« Dans le futur, chacun aura droit à 15 minutes de célébrité mondiale. » Une phrase que Lady Gaga doit avoir sur une carte postale punaisée au-dessus de son lit, tant elle fonde, depuis le début de sa carrière, sa stratégie de communication sur le renouvellement quotidien de ce quart d’heure. C’est ainsi que, tous les jours, la chanteuse trouve de quoi attirer l’attention (déclaration mégalomaniaque, tenue extravagante, performance scénique borderline) : sa vie est une représentation théâtrale ; sa carrière, un attentat permanent aux bonnes mœurs. Cependant, la Lady n’avait jamais atteint l’écueil du « tout marketing », offrant juste assez de fond pour tolérer la forme. Les temps changent.
« Artpop » (ô, subtil clin d’œil à Andy !) est un album clinquant. Passé les trois premières secondes d’une introduction légère à la guitare, l’on se sent submergé, noyé, au bord de la saturation dès le premier titre. « Aura » (puisque tel est le titre final de ce « Burqua » qui buzze depuis plusieurs mois) est une agression sonore indescriptible à la voix robotique et à la structure incompréhensible, ponctuée de hurlements saccadés et de passages mélodiques aussi hors-sujet que le thème du voile dans la bouche de cette obsessionnelle du postérieur. A défaut de pouvoir aimer catégoriquement, on est interpellé. Mais ce qui aurait pu (et dû) rester de l’ordre de l’introduction se décline finalement sur toutes les pistes de l’album, qui présente les mêmes problèmes que « Born This Way » (son prédécesseur) sans en avoir la cohérence. « Artpop » est ainsi un enchaînement de titres étrangement construits, bruyamment mixés, plus ou moins réussis.
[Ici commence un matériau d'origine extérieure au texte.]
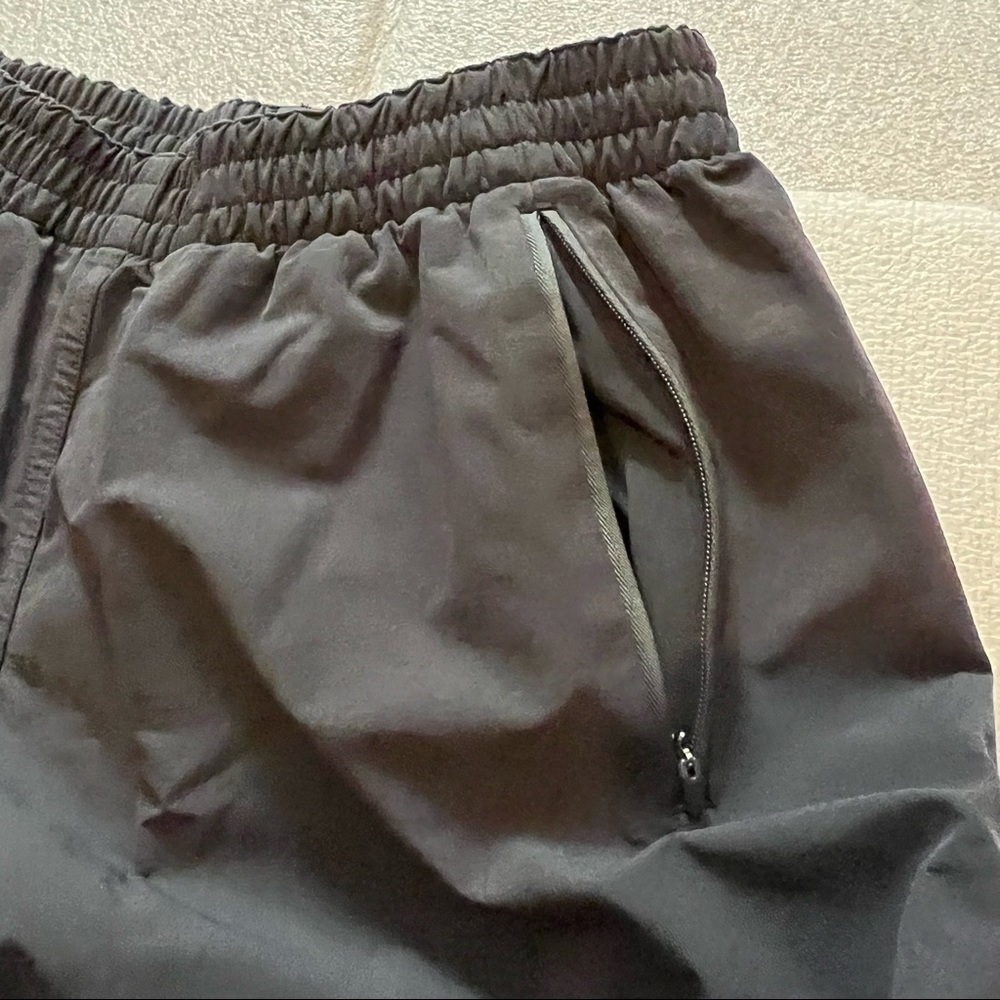 Outdoor Voices Rectrek Pant size XSmall black - Picture 7 of 11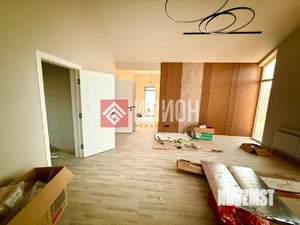 Дом 80м², 1-этажный, участок 4 сот.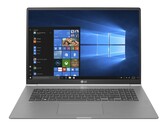 Recensione del Computer Portatile LG Gram 17Z990 (i7-8565U. WQXGA)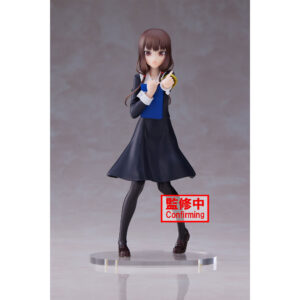 Kaguya-Sama: Love Is War -Ultra Romantic- Kyunties Miko Iino Figure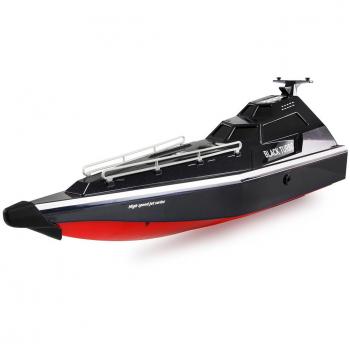 RC Vojni Čloni Turbo Jet Crno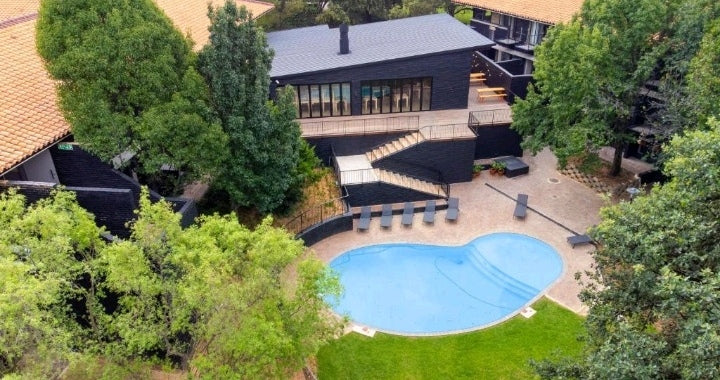 Per Night Black Brick Bedfordview Aparthotel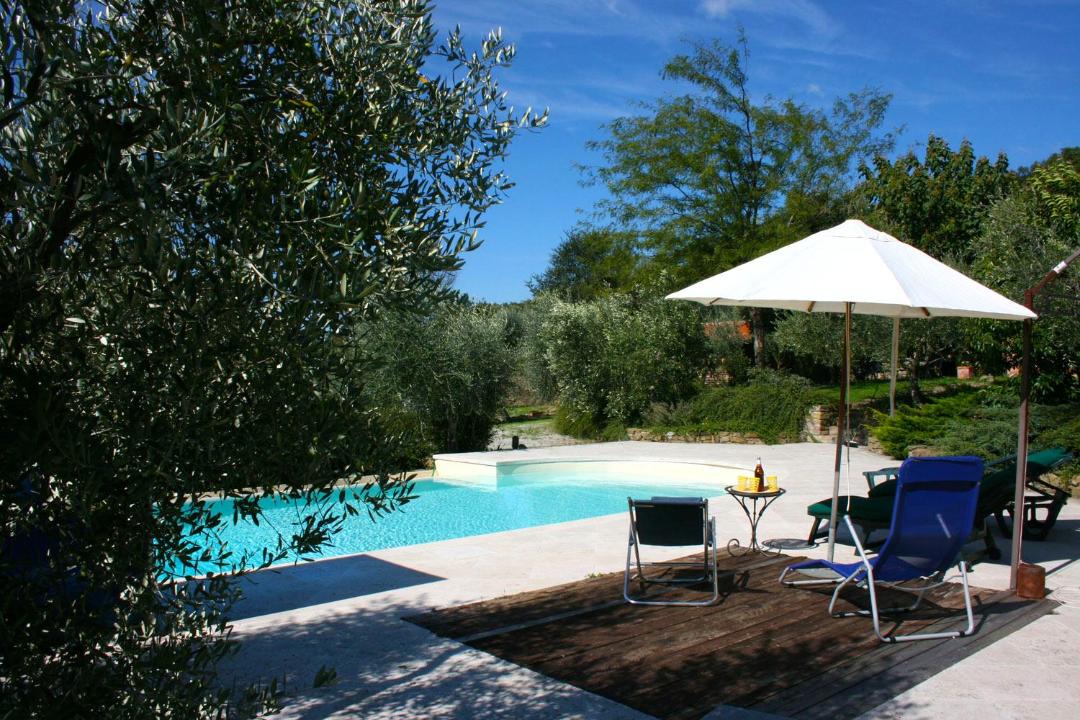 Photo of Outdoor in Cortona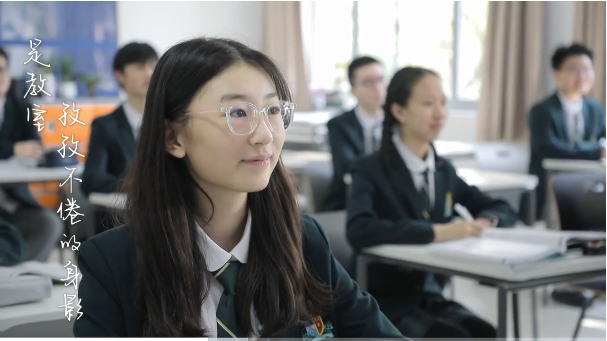 上海天华英澳美学校环境怎么样呢?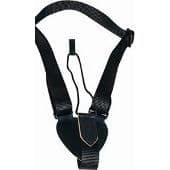 Levy's LM20 Classic Guitar Strap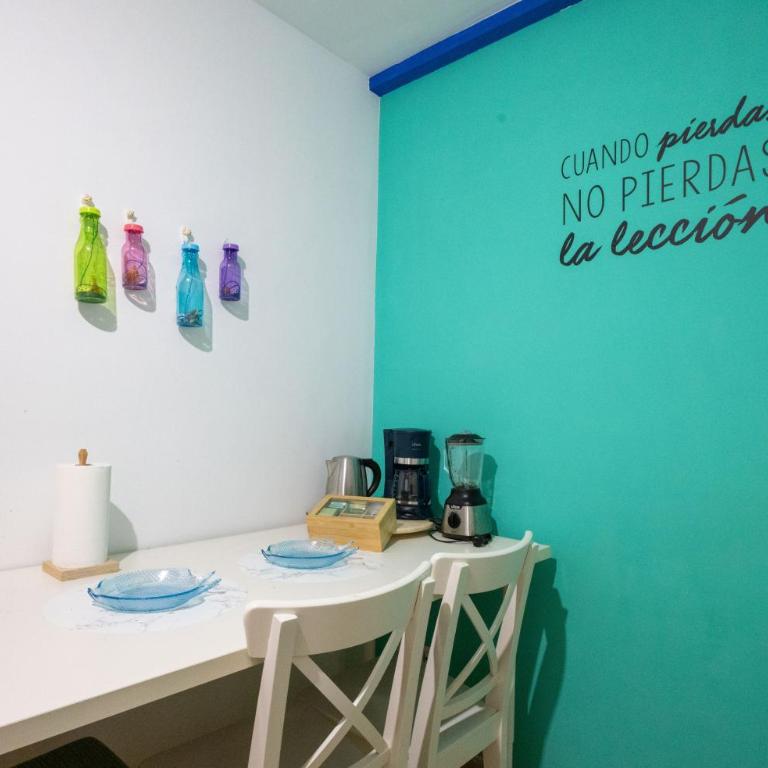 Casa Pino - One-Bedroom Apartment - 22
Les gros ratages, disons-le, sont plutôt rares : l’inaudible « Swine » (« porc », pour les non-anglophones), « Jewels n’Drugs (grosse partouze de chanteurs urbains dans laquelle Lady Gaga n’a absolument aucune légitimité) ou encore « Dope » qui, bien que tout à fait inoffensive pour vos tympans, est d’un ennui absolu. Si tout l’album souffre d’une voix étouffée et de bruitages parasites sortis du fond des âges (soit les années 90, temple de l’eurodance), certains titres se rendent sournoisement addictifs par leur sens du gimmick. Gaga a toujours excellé dans ce domaine (« Popopopoker face » !) et nous offre donc une jolie palette de drôleries, de la très théâtrale « Venus » à « Manicure », en passant par l’introduction parodique de « Donatella ». Dommage, donc, que des arrangements grossiers viennent étouffer ces quelques touches mélodiques. Deux exceptions, cependant, qui prouvent que tout espoir de voir Gaga revenir à la pop classique qui l’a lancée n’est pas vain : « Artpop », joliment aérienne, et surtout « Gypsy », incontestable tube de l’album à mi-chemin entre « The Edge of Glory » et « Americano », qui brillera aussi bien sur les dancefloor qu’en piano-voix (n’est-ce pas là ce qui, précisément, fait la force de Gaga par rapport à la plupart des chanteuses de sa catégorie ?).
En bref, un album qui a de sa pochette l’agressivité sans avoir l’audace. Si l’on sent parfois une tentative de revenir aux fondamentaux (« Do What U Want », notamment), l’ensemble reste trop bruyant, approximatif et inégal pour être qualifié de franche réussite. Beaucoup de bruit pour pas grand-chose.